## DATA IN THIS EXERCISE
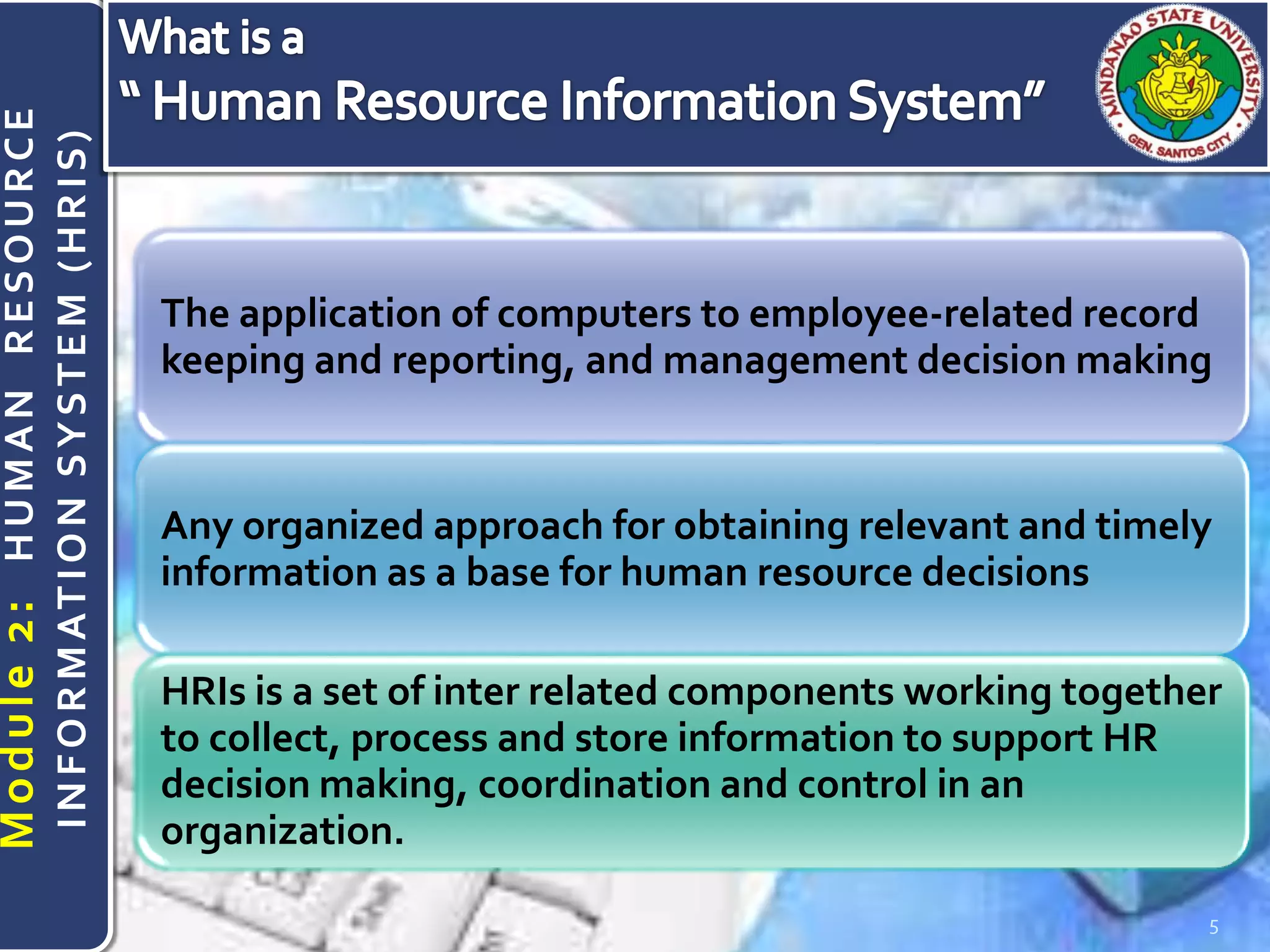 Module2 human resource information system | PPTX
---
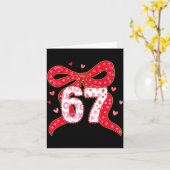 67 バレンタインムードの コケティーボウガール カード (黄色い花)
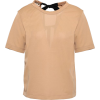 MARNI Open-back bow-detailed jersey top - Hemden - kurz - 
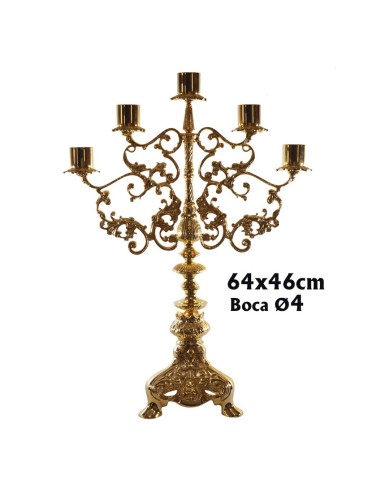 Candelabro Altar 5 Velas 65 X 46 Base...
==
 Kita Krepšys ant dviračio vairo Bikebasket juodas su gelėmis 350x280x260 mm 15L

## INSTRUCTIONS FOR THE TASK
In the listing above, find the line containing "MARNI Open-back bow-detailed" and the line containing "Candelabro Altar 5 Velas 65 X 46 Base...". Reproduce those lines and all between them exactly, with no pictures and nothing more.

## TASK RESPONSE
 MARNI Open-back bow-detailed jersey top - Hemden - kurz - 
 Candelabro Altar 5 Velas 65 X 46 Base...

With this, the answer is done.